Your activities generally fall into two categories – platforming and speed-runs – and there's a good mix of the two. Certain levels are gigantic, ceaseless runs which leave you panting and starry-eyed, while others mix side-scrolling platform-work into the fray. The variety of locations and environments all bring their own flavours of challenge, and only rarely do you find yourself hammering repeatedly against a problem.
It's a mark of success that in the speed-focused levels, you'll find yourself obsessed with keeping the pace and flow up – a bit like Mirror's Edge or Assassin's Creed.
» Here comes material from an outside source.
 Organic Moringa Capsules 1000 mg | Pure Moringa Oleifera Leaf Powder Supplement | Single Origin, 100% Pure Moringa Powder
You know you're missing content; you catch the beginnings of hidden pathways or bonus items from the corner of your eye as you belt along. The fun often lies in nailing the level fluidly and flawlessly, then going back and re-tackling it at a slower pace to find the goodies and achieve a higher score.
The game involves combat of a sort. Eggman's robot army is never more than a couple of chicanes away, but in a pleasing stroke, they're as much a scenery feature and method of egress, as an actual foe. Sonic automatically locks onto the nearest enemy and, while airborne, a tap of B sends you hurtling towards it. As soon as it's crushed, you auto-lock onto the next enemy, and repeat.
The whole process keeps you airborne, bouncing joyously between targets, and often lets you focus on the environment around you, trying to spot terrain features or simply scoping where you can go next. Bosses tend to be larger, more complex applications of the same principle.
The Wii's controls are used to their best. It's a traditional input method, with the nunchuck's stick controlling movement and the Wii remote buttons jumping and boosting. Given the split-second timing required for movement, jumps and rail-shifts, motion control has been wisely eschewed – except for the use of your wisp-energy. A waggle of the Wii Remote activates any you've collected, and it's probably the only control worth mapping to motion, so top marks there.
Sweet little touches abound. The music – which is rarely less than celebratory in tone – goes all tinny when you're turbo-boosting; it's as if your ears are being battered by the sheer velocity. And when you've finished a level, you can control Sonic on the score screen. The score is displayed in large, 3D block characters, and if you bounce around and pound them enough they spit out extra lives and gold rings.
If there's one flaw, it's that the game's sheer pace sometimes falls foul of the Wii's limitations. Smaller items, such as gold rings or obstacles, start off as pixel-hash in the far distance; in speedy forward-motion sections, terrain features or collectibles don't really resolve until the middle distance, by which point you should have already made the decision and begun your manoeuvre. Things are at their worst when you're in the top-end rush of a turbo-boost.
Sonic Colours won't be for everyone. The humour of the interstitial cut-scenes leans to the preschool side of gentle, and in one way that's fine and dandy; kids will enjoy the game, and rightly so. For an adult, it can be a little too much to stomach. There are none of the cleverly-penned characters you might find in, say, a Ratchet and Clank, and the game as a whole is pretty old-fashioned in a lot of ways.
Depending on your point of view, that could either be a good or a bad thing. There are tried-and-tested action-game formulae in Sonic Colours, and while they're consistently well-executed, there's little inherently new or innovative on show. For me, Sonic Colours' pace and thrill-power overcome these concerns. It's a simple, neon-tinged blast of action gaming, and sometimes, that's all you really want.